El Evangelio y Las Ordenanzas Militares

Días atrás, encaminábame yo por la puerta Boro—vitzky; bajo la puerta había un viejo mendigo cojo, con las orejas vendadas con un trapo. Saqué mi bolso para darle limosna; en el mismo momento vi desembocar del Kremlin a todo correr, un joven granadero con abrigo de piel de cordero, rostro colorado y aspecto marcial. Al ver al soldado, el mendigo levantóse aterrorizado y echó a correr a toda prisa hacia el jardín de Alejandro. Persiguióle el granadero, pero se detuvo antes de alcanzarle, vociferando contra el desgraciado. Yo esperé al granadero; cuando se halló éste junto a mí le pregunté si sabía leer.
— Sí, ¿y qué? 
— ¿Has leído el Evangelio? 
— Sí. 
— ¿Has leído: "El que dé de comer al hambriento...?" 

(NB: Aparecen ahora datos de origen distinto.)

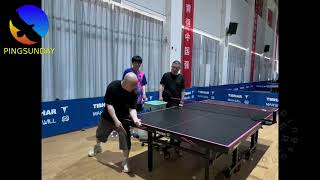 Coach Chen 36 - How to improve your table tennis serve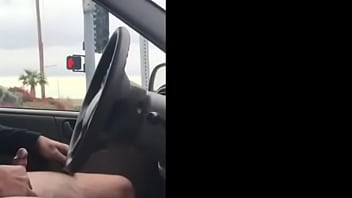 Preview 3 of Hot Bbw Butt Fucked - Flashing my cock to panhandler lady.
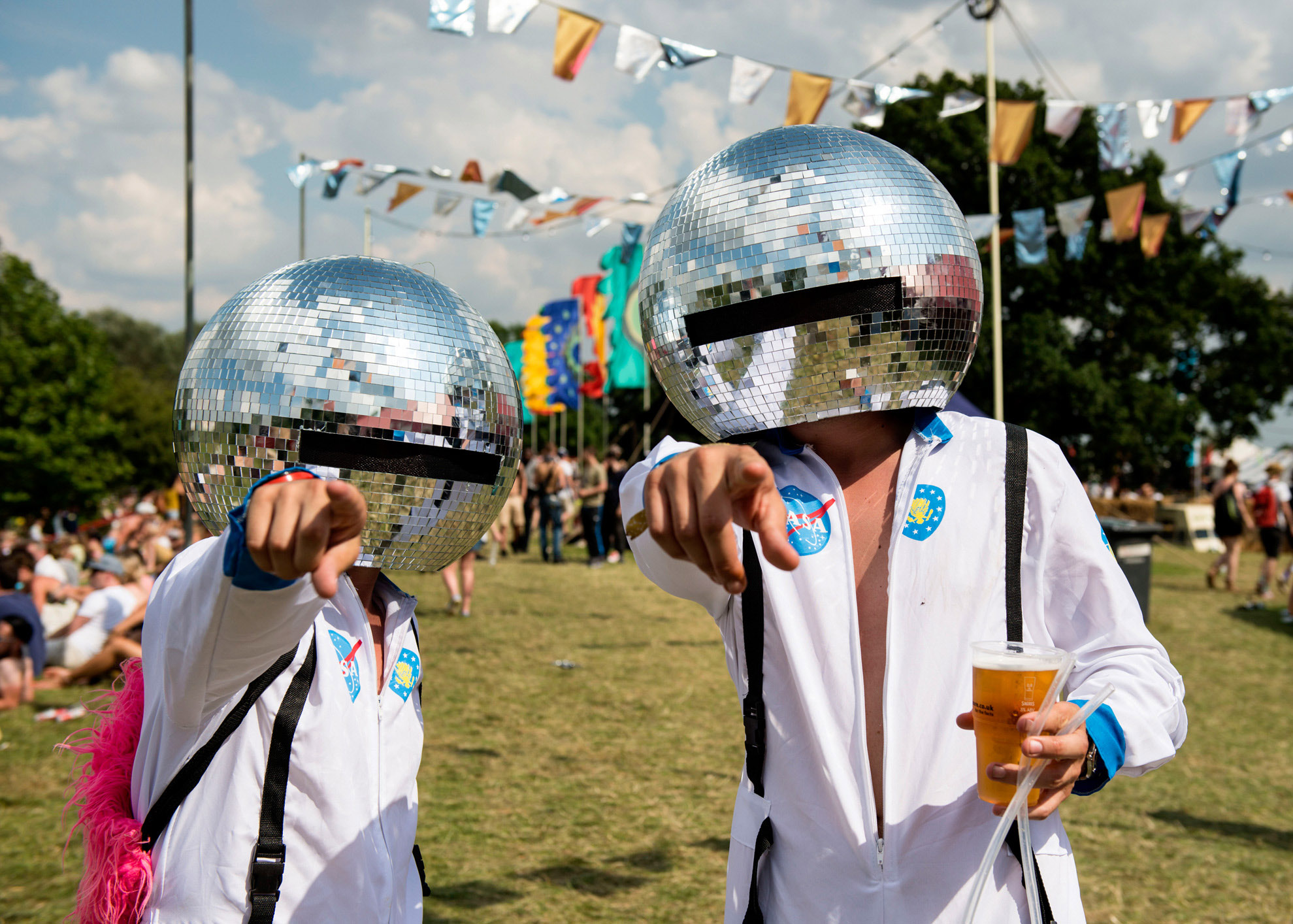 Secret Garden Party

Le cité el pasaje. El lo recordó y me escuchó hasta el fin. Vi que se turbaba. Dos transeúntes se habían parado y nos escuchaban. El granadero parecía despechado al ver que había incurrido en falta, por decirlo así, cuando cumplía su deber expulsando a la gente de un lugar en donde estaba prohibido detenerse. Estaba turbado y buscaba una disculpa. De pronto, en sus ojos negros e inteligentes brilló una luz. Miróme por encima del hombro y dijo: "¿Y has leído tú las ordenanzas militares?" Le respondí que no.
— Entonces, no puedes decir nada — replicó el granadero con un movimiento de cabeza victorioso; y abrochándose el capote de piel de carnero, se llegó tranquilamente a su puesto.
En toda mi vida, este es el único hombre que he encontrado que haya resuelto con excelente lógica la eterna cuestión que se alza ante mí y que se alza ante todo hombre que se llame cristiano.